In FIG. 5, the dotted curve 1 is the case when the device of the present invention is used, and the solid line curve 2 is the case when the conventional device shown in FIG. 1 is used.

(5) By rotating the draft tube integrally with the collision plate, the clearance between the draft tube and the collision plate is always kept constant, so that the jet stream is always maintained in a stable and good condition.

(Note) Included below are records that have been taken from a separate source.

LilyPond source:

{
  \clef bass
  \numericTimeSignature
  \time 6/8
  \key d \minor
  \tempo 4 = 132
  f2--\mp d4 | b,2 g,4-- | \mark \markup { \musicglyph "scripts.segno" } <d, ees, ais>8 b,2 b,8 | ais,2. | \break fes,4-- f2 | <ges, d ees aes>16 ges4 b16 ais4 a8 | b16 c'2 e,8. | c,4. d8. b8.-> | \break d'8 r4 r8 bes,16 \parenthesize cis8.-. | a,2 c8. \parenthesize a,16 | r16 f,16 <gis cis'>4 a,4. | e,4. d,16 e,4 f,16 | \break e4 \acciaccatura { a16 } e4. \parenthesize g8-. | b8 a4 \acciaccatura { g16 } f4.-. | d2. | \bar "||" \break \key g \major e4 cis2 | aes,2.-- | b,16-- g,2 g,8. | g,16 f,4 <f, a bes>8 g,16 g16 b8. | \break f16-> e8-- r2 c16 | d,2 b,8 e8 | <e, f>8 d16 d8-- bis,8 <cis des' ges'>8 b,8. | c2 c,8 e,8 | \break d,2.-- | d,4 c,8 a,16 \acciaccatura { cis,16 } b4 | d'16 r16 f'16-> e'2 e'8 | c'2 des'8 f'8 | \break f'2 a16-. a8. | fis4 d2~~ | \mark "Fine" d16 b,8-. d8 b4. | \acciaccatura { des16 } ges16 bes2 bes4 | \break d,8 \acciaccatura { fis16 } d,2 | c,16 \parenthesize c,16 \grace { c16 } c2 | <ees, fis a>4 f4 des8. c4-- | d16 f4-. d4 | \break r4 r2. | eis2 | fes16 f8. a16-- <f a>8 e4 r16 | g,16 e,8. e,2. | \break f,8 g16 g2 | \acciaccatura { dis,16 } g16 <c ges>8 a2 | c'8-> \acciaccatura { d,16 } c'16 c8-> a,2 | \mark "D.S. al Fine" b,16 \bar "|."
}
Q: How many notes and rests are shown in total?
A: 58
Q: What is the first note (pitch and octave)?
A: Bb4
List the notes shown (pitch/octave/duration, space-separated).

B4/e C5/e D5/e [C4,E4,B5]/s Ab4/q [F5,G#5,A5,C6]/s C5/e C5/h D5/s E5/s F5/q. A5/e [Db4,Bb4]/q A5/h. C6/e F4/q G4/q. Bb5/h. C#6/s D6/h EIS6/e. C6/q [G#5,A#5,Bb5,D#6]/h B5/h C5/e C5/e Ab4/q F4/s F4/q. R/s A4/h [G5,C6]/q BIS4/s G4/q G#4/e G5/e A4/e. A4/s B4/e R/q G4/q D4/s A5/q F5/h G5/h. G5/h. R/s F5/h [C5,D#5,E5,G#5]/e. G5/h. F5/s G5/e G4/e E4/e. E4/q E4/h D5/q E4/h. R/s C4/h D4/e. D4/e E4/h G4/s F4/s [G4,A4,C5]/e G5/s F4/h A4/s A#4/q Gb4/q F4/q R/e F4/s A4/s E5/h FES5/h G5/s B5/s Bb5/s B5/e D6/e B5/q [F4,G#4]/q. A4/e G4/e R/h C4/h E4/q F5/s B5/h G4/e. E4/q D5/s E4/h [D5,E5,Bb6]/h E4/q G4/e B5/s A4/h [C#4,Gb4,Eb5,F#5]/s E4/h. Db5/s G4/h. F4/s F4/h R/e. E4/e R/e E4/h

[Brief explanation of drawings]

Figure 1 is an explanatory diagram of a conventional spouted bed heat exchanger, Figure 2 is an explanatory diagram of the device of the present invention, Figures 3A and B are detailed diagrams of the slit pipe 38 in Figure 2, Figure 4A, B is a detailed view of the draft tube 24 in Fig. 2, and Fig. 5 shows the relationship between pressure change and air volume.
This is a chart comparing the cases in Figure 2 and Figure 2.

Claims (1)

[Scope of utility model registration request] a slit fixed in communication directly above the gas inlet nozzle in the spouted bed and having a plurality of openings on the circumferential surface of the tube at intervals in the circumferential direction of the tube; and a slit configured to open or close the openings by rotation. A spouted bed particle fall prevention device comprising: a rotatable draft tube having openings at intervals on a lower circumferential surface and installed concentrically on the outer periphery of the slit tube.